Stored records:
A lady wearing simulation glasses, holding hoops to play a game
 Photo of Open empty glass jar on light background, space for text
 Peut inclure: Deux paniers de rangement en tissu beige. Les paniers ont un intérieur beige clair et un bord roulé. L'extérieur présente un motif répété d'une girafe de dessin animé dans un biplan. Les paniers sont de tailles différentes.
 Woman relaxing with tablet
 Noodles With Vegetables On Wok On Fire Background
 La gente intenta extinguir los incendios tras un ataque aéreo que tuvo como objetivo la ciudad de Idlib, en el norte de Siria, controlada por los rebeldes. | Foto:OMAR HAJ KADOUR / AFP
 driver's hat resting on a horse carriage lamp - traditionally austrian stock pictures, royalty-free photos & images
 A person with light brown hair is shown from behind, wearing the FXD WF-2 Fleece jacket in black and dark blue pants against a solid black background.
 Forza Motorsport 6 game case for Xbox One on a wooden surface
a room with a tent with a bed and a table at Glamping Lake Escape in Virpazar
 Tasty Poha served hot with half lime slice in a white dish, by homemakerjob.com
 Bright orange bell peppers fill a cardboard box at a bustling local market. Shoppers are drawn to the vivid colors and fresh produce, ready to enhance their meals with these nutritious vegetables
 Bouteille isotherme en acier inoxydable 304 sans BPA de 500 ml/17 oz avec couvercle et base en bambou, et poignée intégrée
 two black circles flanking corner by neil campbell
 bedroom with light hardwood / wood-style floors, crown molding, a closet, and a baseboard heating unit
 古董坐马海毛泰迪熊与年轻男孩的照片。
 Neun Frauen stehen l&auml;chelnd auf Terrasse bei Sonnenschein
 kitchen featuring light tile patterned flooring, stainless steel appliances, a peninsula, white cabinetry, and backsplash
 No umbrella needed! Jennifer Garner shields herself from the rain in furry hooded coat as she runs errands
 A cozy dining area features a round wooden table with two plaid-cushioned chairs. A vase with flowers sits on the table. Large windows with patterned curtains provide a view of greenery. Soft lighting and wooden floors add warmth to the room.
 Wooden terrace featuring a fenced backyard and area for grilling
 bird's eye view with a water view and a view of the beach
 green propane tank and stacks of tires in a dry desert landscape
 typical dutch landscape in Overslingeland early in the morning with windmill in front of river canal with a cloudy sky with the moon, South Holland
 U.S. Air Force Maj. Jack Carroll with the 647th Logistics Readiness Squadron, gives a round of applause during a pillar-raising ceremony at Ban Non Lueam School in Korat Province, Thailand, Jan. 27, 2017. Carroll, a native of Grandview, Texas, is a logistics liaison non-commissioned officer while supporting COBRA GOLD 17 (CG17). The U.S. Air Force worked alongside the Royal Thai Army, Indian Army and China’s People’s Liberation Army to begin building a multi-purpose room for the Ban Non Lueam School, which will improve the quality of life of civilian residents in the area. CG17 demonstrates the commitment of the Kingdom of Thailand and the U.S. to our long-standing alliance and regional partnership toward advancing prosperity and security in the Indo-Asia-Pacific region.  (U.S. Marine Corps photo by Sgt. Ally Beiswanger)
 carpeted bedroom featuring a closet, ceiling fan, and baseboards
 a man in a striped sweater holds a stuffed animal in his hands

Task goal: Only a number is wanted here: how many lines above hold the string "closet"?

Exercise response: 2